In altre parole, la Corte di Cassazione ha chiarito che non esiste un onere di resistere all’atto sessuale imposto, e che sulla vittima non può in alcun modo gravare una presunzione di consenso agli atti sessuali da smentire di volta in volta. Se si ragionasse in questi termini, infatti, si finirebbe per accettare supinamente “stereotipi culturali ampiamente superati” (cfr. Cass. Pen., sez. III, 10.05.23, n. 19599) e si avallerebbe una interpretazione della norma totalmente anacronistica.
In sintesi, si ritiene che il tempo sia ormai maturo per recepire questa interpretazione giurisprudenziale in una nuova norma che preveda in maniera chiara ed esplicita l’assenza di consenso come elemento costitutivo del reato. D’altra parte, sono ormai diversi i Paesi europei che, anche per adeguarsi alla Convenzione di Istanbul, hanno modificato la legge sulla violenza sessuale (per esempio, fra gli altri, Spagna, Svezia, Germania), ed è auspicabile che ciò possa accadere presto anche in Italia.
A questo riguardo, sembra che l’attenzione sia alta fra i giuristi in generale, e anche in ambito accademico e istituzionale. Proprio di recente, il 13 febbraio 2025, il dipartimento di Diritto Penale dell’Università Statale di Milano ha organizzato un workshop con differenti professionalità (professori, studiosi, giudici, pubblici ministeri, avvocati), dal quale è emersa unanimemente la necessità di riscrivere le norme sulla violenza sessuale in modo da uniformarle ai dettami della Convenzione di Istanbul e delle più recenti direttive europee per la tutela delle vittime.

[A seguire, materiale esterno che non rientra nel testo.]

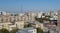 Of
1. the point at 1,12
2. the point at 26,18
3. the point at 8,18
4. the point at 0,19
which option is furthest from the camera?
the point at 1,12

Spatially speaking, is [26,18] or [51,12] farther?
[51,12]

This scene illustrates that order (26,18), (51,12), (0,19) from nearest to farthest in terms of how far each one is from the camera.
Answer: (0,19)
(26,18)
(51,12)

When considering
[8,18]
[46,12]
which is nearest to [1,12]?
[8,18]

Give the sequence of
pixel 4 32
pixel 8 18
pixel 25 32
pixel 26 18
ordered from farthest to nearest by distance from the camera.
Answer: pixel 26 18 < pixel 8 18 < pixel 4 32 < pixel 25 32

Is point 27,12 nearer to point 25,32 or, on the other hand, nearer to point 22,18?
point 22,18

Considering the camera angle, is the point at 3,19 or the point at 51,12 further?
the point at 51,12

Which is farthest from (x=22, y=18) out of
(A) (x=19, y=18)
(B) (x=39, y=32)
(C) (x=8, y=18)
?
(B) (x=39, y=32)

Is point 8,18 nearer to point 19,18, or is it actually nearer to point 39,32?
point 19,18

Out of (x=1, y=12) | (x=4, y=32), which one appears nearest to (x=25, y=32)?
(x=4, y=32)

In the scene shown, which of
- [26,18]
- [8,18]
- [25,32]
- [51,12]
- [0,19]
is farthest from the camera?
[51,12] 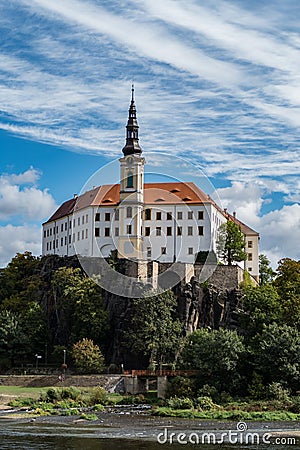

E questo è stato ulteriormente ribadito, insieme alla centralità del consenso nella prospettiva di riforma della legge, pochi giorni più tardi, in un’audizione informale di giuristi presso la II Commissione Giustizia della Camera, nell’ambito dell’esame della proposta di legge recante “modifica dell’articolo 609 bis in materia di violenza sessuale e di libera manifestazione del consenso“ (n. 1693 Boldrini).